Le cadre européen impose aux Etats-membres d’inclure des recommandations au sein de leur DPE. Toutefois, le cadre de ces recommandations est laissé libre aux Etats : en Suède, une liste prédéfinie cadre précisément les recommandations que les diagnostiqueurs doivent fournir. A l’inverse, au Royaume-Uni, les diagnostiqueurs sont libres de joindre les remarques de leur choix, ce qui conduit souvent à des DPE génériques avec peu d’intérêt opérationnel. En France également, les professionnels font souvent écho au manque d’intérêt opérationnel des DPE, notamment du point de vue des recommandations qui ne remplissent pas toujours leur rôle informatif.
De plus, les informations concernant les dispositifs d’accompagnement existants (certes peu nombreux dans le cas des bâtiments tertiaires) ne sont presque jamais jointes à ces diagnostics. Or, les subventions et diverses aides à la rénovation constituent bien souvent les premiers leviers permettant d’inciter les propriétaires à la rénovation énergétique. Le manque d’informations est donc aujourd’hui le premier problème limitant l’intérêt du DPE en France et dans de nombreux pays d’Europe.

  • Le libre-accès aux données : l’Europe est-elle prête pour une politique d’open data ?
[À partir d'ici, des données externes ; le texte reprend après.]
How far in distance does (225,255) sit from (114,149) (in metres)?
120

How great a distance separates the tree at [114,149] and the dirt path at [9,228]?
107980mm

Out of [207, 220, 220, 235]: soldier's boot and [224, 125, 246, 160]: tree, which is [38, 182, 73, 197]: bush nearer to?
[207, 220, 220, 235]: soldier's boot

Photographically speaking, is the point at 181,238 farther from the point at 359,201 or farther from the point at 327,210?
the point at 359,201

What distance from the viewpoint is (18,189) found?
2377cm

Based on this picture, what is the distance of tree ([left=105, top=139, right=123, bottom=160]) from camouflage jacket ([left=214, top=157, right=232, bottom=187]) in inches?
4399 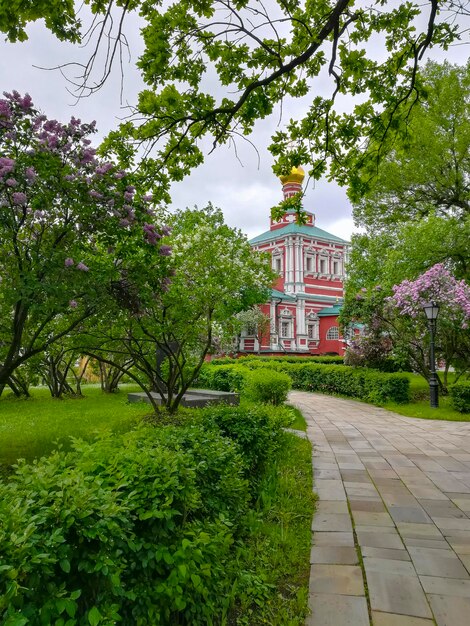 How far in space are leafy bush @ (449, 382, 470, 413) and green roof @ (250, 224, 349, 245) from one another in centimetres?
2816

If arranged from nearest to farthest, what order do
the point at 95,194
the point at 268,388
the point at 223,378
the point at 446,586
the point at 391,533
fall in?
the point at 446,586, the point at 391,533, the point at 95,194, the point at 268,388, the point at 223,378

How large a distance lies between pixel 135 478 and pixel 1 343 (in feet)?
16.4

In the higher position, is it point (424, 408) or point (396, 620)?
point (424, 408)

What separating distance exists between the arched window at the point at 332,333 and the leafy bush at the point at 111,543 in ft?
116

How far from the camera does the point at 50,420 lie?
9156mm

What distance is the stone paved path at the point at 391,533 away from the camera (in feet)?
8.20

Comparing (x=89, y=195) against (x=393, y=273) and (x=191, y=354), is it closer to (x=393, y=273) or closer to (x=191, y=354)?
(x=191, y=354)

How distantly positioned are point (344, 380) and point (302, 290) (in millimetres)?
22558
Presque tous les pays ont établi une base de données nationale pour collecter les informations relatives au DPE. Certains pays ont même choisi d’aller plus loin, et ont publié la plupart des informations en libre-accès (comme le Danemark ou le Portugal), tandis que la plupart restreignent encore l’accès aux données en ne les fournissant qu’aux propriétaires concernés ou à certains organismes triés sur le volet.
Les politiques telles que celles menées au Danemark ou au Portugal permettent de faire sortir le DPE de sa dimension purement administrative et de lui donner une valeur pratique aux yeux des propriétaires, qui en comprennent plus facilement les tenants et les aboutissants sous cette forme et peuvent comparer plus facilement les DPE entre eux.

Ces pays demeurent des exceptions : la plupart des Etats-membres demeurent encore réticents à publier les données en libre-accès, pour différentes raisons (comme la protection des données personnelles ou la sécurité informatique). Toutefois, ces exemples permettent de montrer la voie aux politiques d’open data à venir, pour ouvrir l’accès à l’information aux niveaux national et international.
 

Conclusion : Quelles évolutions à venir ?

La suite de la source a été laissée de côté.